#### WORK TO BE COMPLETED:
What you should give back is a precise copy of the lines below from the one containing "Hd-158346-ascw158346" through the one containing "Photo of Others in Weston-super-Mare", with no pictures.

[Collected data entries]
↓

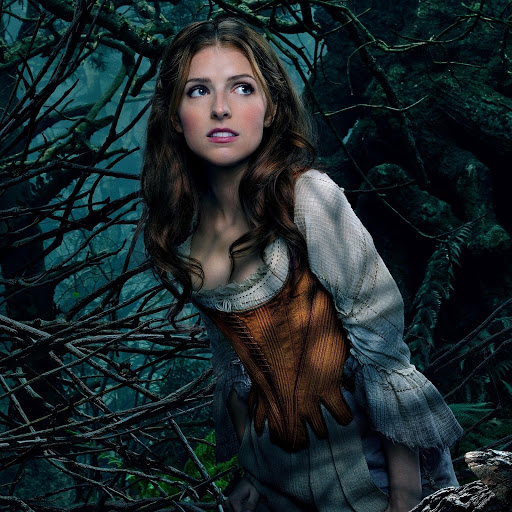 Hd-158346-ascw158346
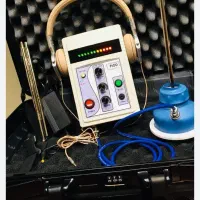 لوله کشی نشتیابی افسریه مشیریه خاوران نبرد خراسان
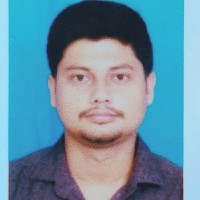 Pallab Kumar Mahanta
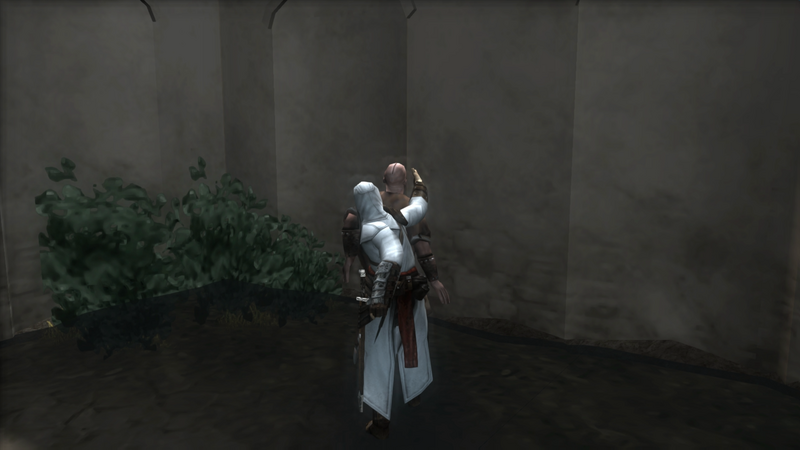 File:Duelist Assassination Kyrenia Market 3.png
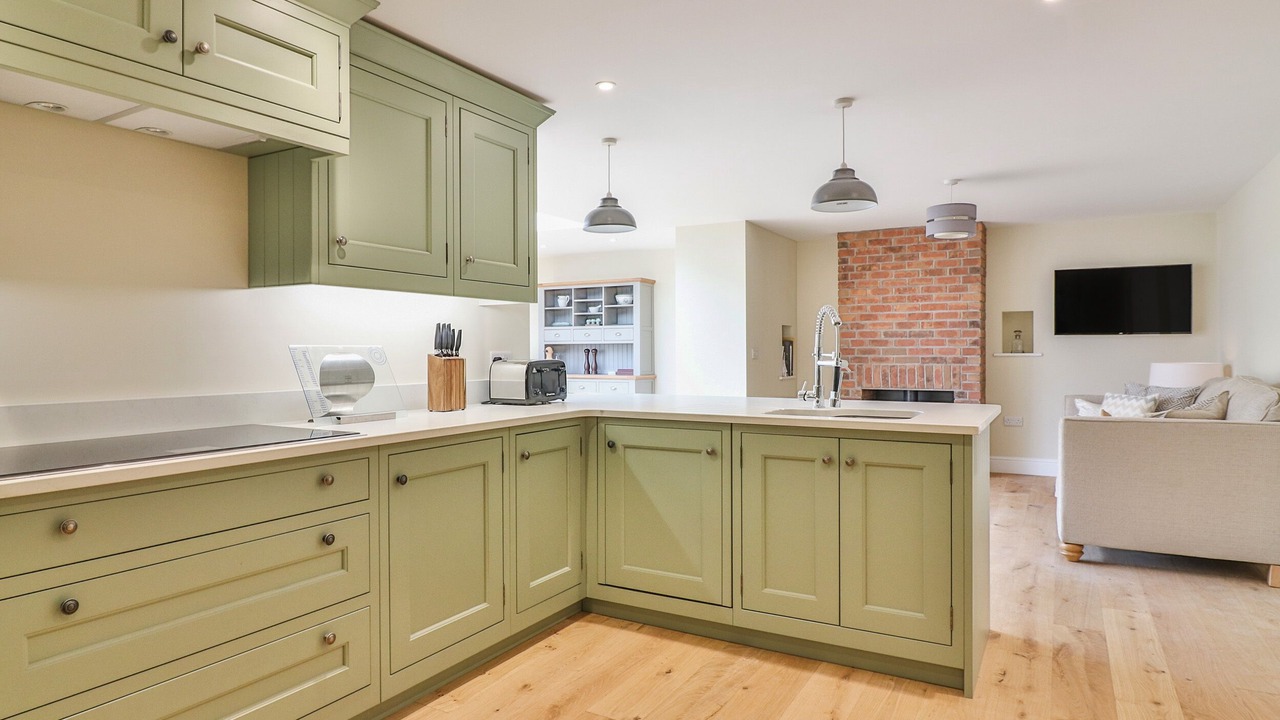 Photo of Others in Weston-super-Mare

↑
↓

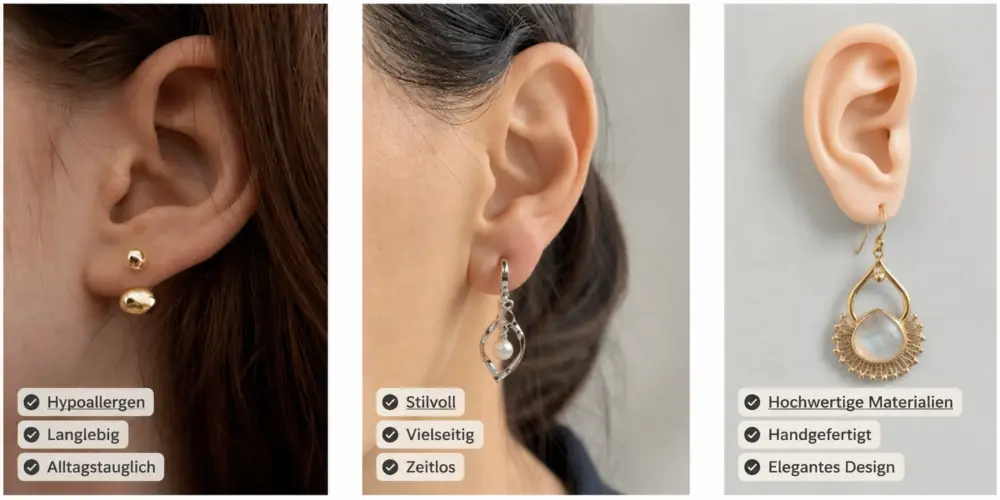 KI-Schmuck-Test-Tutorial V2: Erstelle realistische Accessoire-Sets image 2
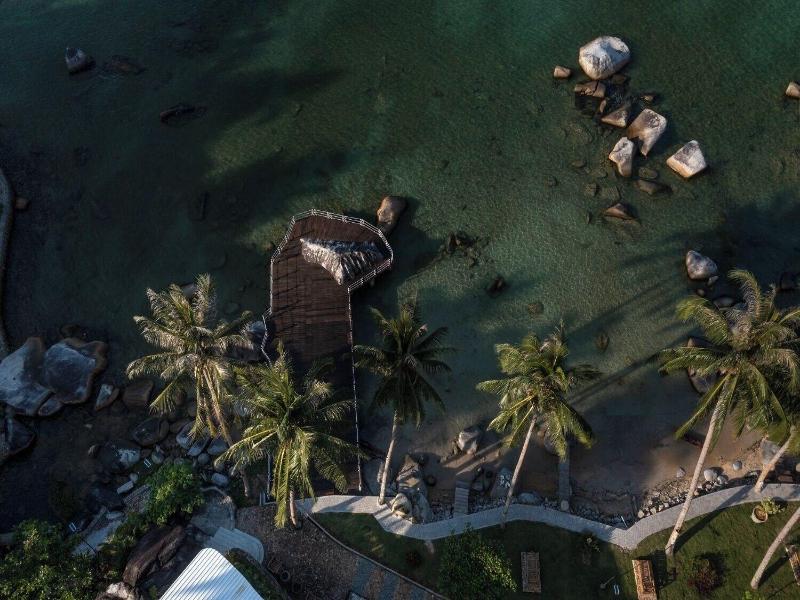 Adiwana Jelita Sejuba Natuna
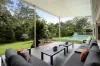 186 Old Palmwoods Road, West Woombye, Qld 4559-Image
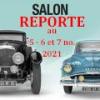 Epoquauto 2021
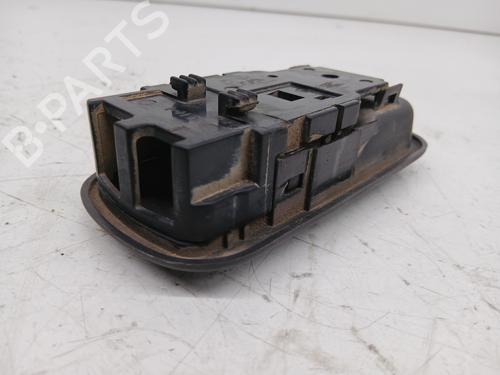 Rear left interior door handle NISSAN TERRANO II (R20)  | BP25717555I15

↑

#### ANSWER SPACE:
 Hd-158346-ascw158346
 لوله کشی نشتیابی افسریه مشیریه خاوران نبرد خراسان
 Pallab Kumar Mahanta
 File:Duelist Assassination Kyrenia Market 3.png
 Photo of Others in Weston-super-Mare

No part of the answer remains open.